#### Collected data ####

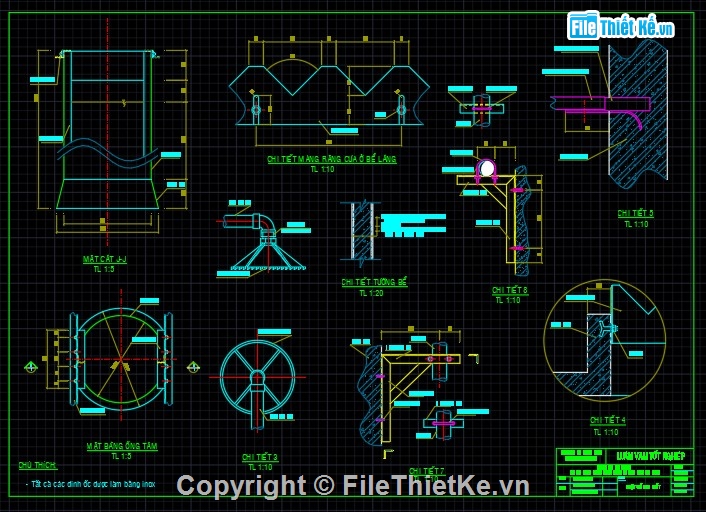 Đồ án,xử lý nước,thuyết minh,file cad đồ án,lý thuyết đồ án,thuyết minh đồ án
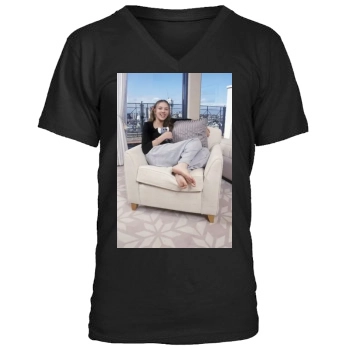 Scarlett Johansson Men's V-Neck T-Shirt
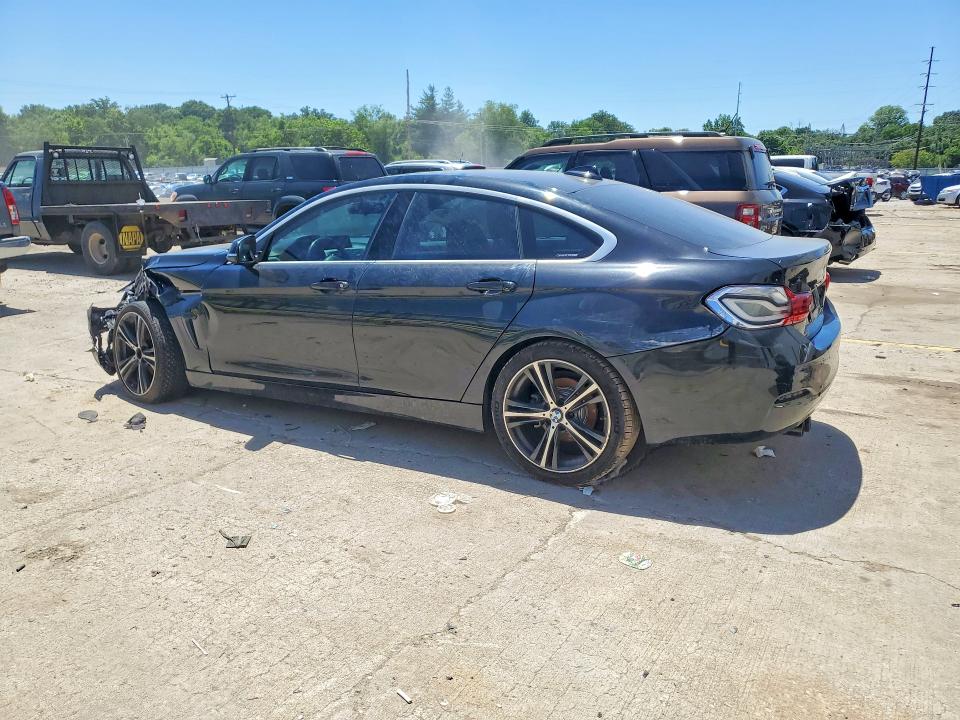 2019 BMW VIN WBA4J1C57KBM15543 COPART salvage auction — FRONT END, Ky - Bill Of Sale/Part Only/No Titl, sold $3,100 on 2026-07-29 (photo 2)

####

◆ **Work to complete**: First drop every picture, then print the data above exactly as it stands.

◆ **Solution to this task**:
 Đồ án,xử lý nước,thuyết minh,file cad đồ án,lý thuyết đồ án,thuyết minh đồ án
 Scarlett Johansson Men's V-Neck T-Shirt
 2019 BMW VIN WBA4J1C57KBM15543 COPART salvage auction — FRONT END, Ky - Bill Of Sale/Part Only/No Titl, sold $3,100 on 2026-07-29 (photo 2)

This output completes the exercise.